Ce qui est certain, c'est qu'il faut sortir de la logique intergouvernementale et des petits conciliabules entre chefs d'Etat. Contrairement à ce que l'on avait essayé de nous faire croire lors du débat sur le défunt TCE, le conseil des chefs d'Etat ne sera jamais la Chambre haute de l'Europe. Déléguer le pouvoir budgétaire aux juges de la Cour de justice européenne n'aurait pas plus de sens. Donner le pouvoir à l'actuel Parlement européen est un solution tentante (c'est la seule institution européenne réellement démocratique), sauf que ses quelques 750 députés n'ont pour l'instant exercé aucune responsabilité financière réelle, et qu'ils sont issus des 27 états membres de l'UE, et non seulement de la zone euro.
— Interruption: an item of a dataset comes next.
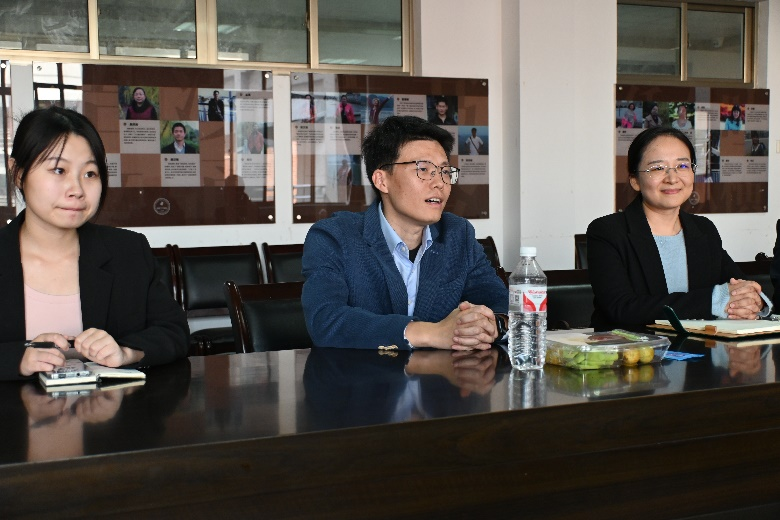 陈院长与校外指导老师交谈 娱乐城排行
Une solution de plus en plus souvent évoquée consisterait à créer une nouvelle chambre regroupant des députés issus des commissions des finances et des affaires sociales des parlements nationaux. Ce "Sénat européen" aurait la haute main sur l'Agence européenne de la dette, et fixerait chaque année les montants d'emprunts autorisés. Il aurait pour avantage d'être plus resserré que le Parlement européen, et de rassembler les personnes qui auront ensuite à assumer politiquement les conséquences de leurs décisions dans chaque pays concerné.
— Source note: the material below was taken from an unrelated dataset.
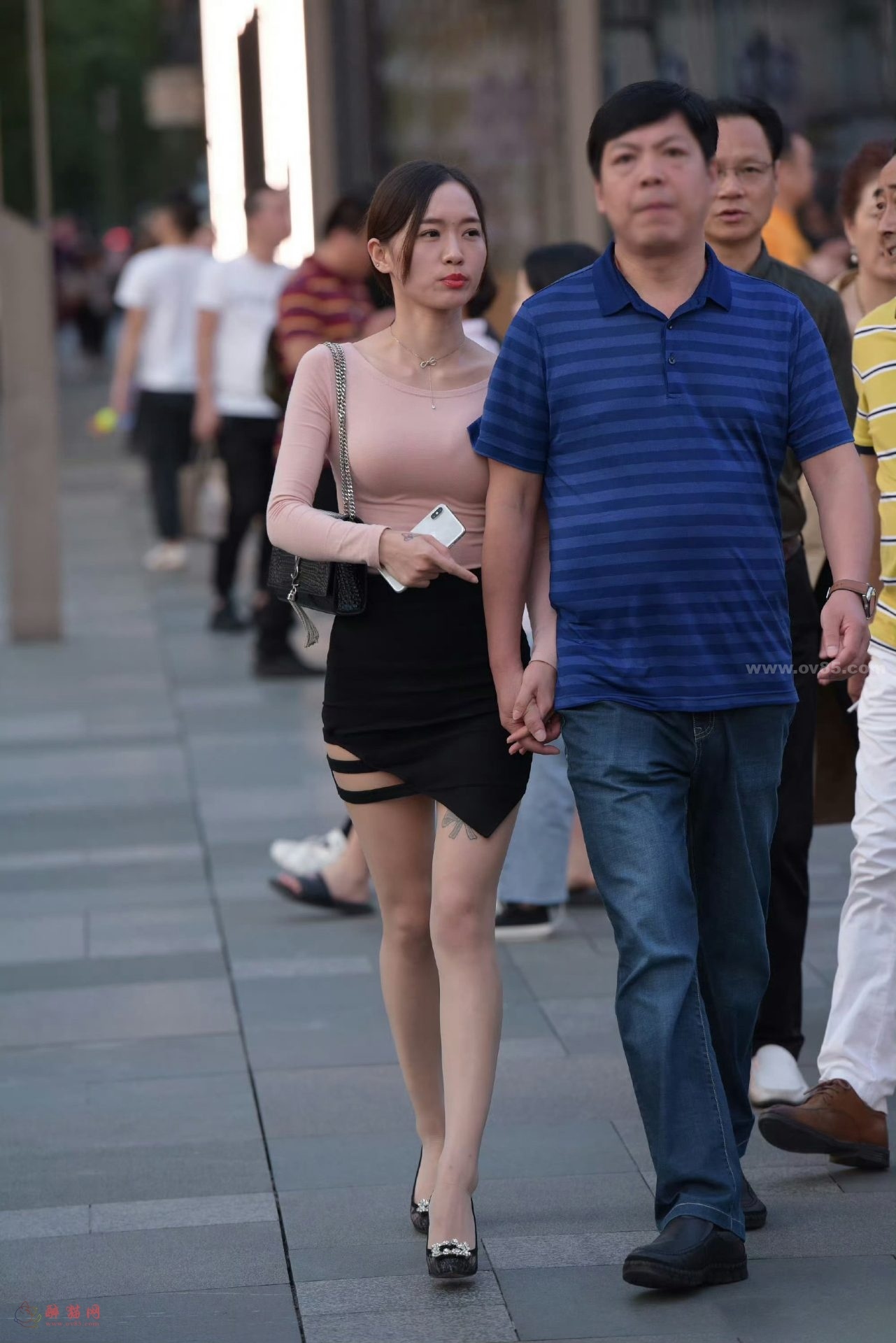 图片[9]-黑色吊带包臀裙和领导手牵手逛街-醉猫网 - 专注于美图分享-www.ov85.com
C'est peut-être la bonne solution. Dans ce cas, il faut vite mettre sur la table un projet précis, avec composition détaillée, nombre et désignation des membres, procédures de vote, etc. En tout état de cause, il est essentiel de trouver une solution permettant de commencer à fonctionner très vite avec les quelques pays qui le souhaiteront, tout en prévoyant l'entrée progressive de tous ceux qui voudront rejoindre ce noyau dur fédéral pour bénéficier d'une dette européenne mutualisée.
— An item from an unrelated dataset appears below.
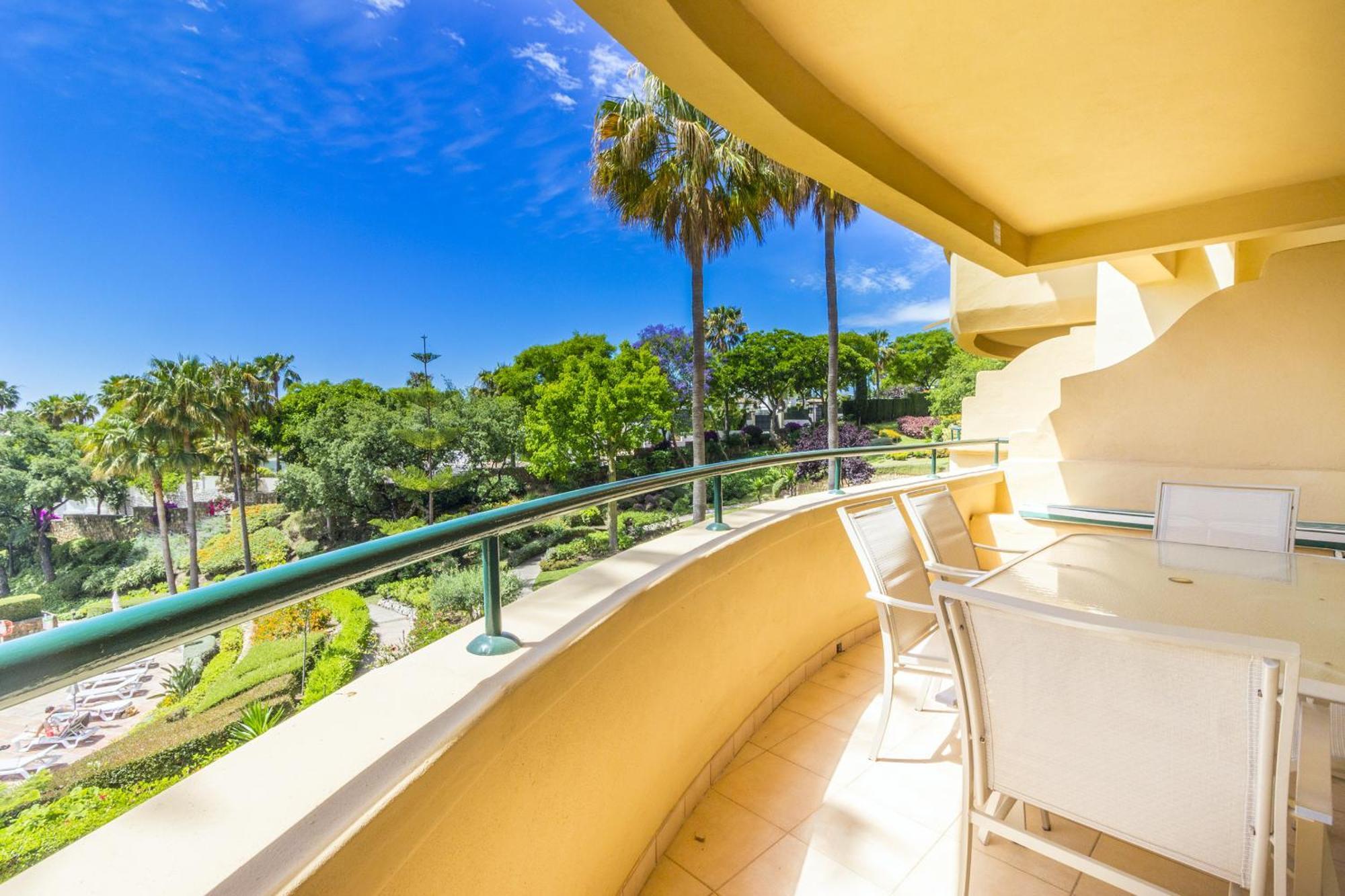 Apartamento Cubo's Boutique Elviria Hills *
Et il faut cesser de s'imaginer que ce sont les Allemands qui bloquent tout. En réalité, l'Allemagne réalise qu'elle aussi est trop petite pour réguler le capitalisme mondialisé, et elle est plus avancée que la France dans sa réflexion sur l'indispensable saut fédéral. Les "sages" allemands (collège d'économistes conseillant la chancellerie, peu réputés pour leurs penchants révolutionnaires) ont proposé le 9 novembre que toute la dette supérieure à 60% du PIB soit mutualisée au niveau européen, y compris bien sur la dette allemande. Et c'est la CDU qui a adopté le 14 novembre le principe d'une élection au suffrage universel du président de la Commission européenne (pied de nez évident au président français). Dans la négociation en cours, tout laisse à penser que c'est Sarkozy qui reste recroquevillé sur une logique intergouvernementale pure, et qui refuse de céder toute once de son pouvoir. Reste à espérer que face à la gravité de la situation, il se décide enfin à prendre les bonnes décisions.
Thomas Piketty est directeur d'études à l'EHESS et professeur à l'Ecole d'économie de Paris.